In the listing that follows, print every line exactly and leave the images out.

### [INFORMATION PROVIDED]
....

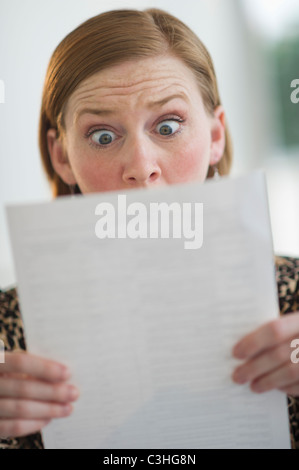 Frau liest Dokumente Aussehen überrascht Stockfoto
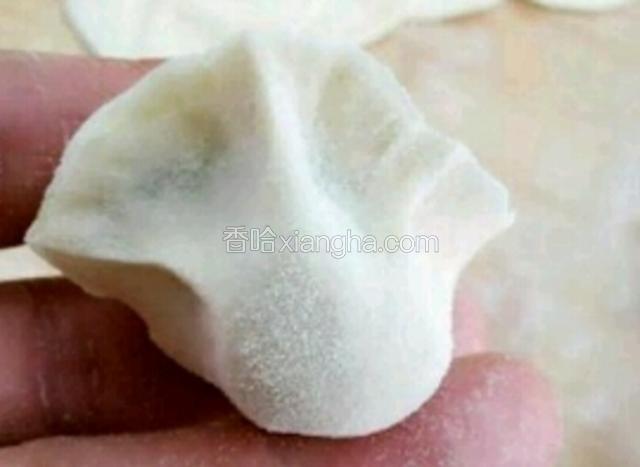 将饺子放在两手食指上，一起用力往里窝，饺子捏好了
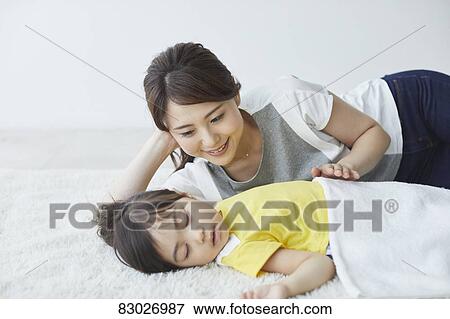 Japanese mother with sleeping kid View Large Photo Image Stock Photo - Japanese mother with sleeping kid. Fotosearch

....

### [ANSWER BOX]
 Frau liest Dokumente Aussehen überrascht Stockfoto
 将饺子放在两手食指上，一起用力往里窝，饺子捏好了
 Japanese mother with sleeping kid View Large Photo Image Stock Photo - Japanese mother with sleeping kid. Fotosearch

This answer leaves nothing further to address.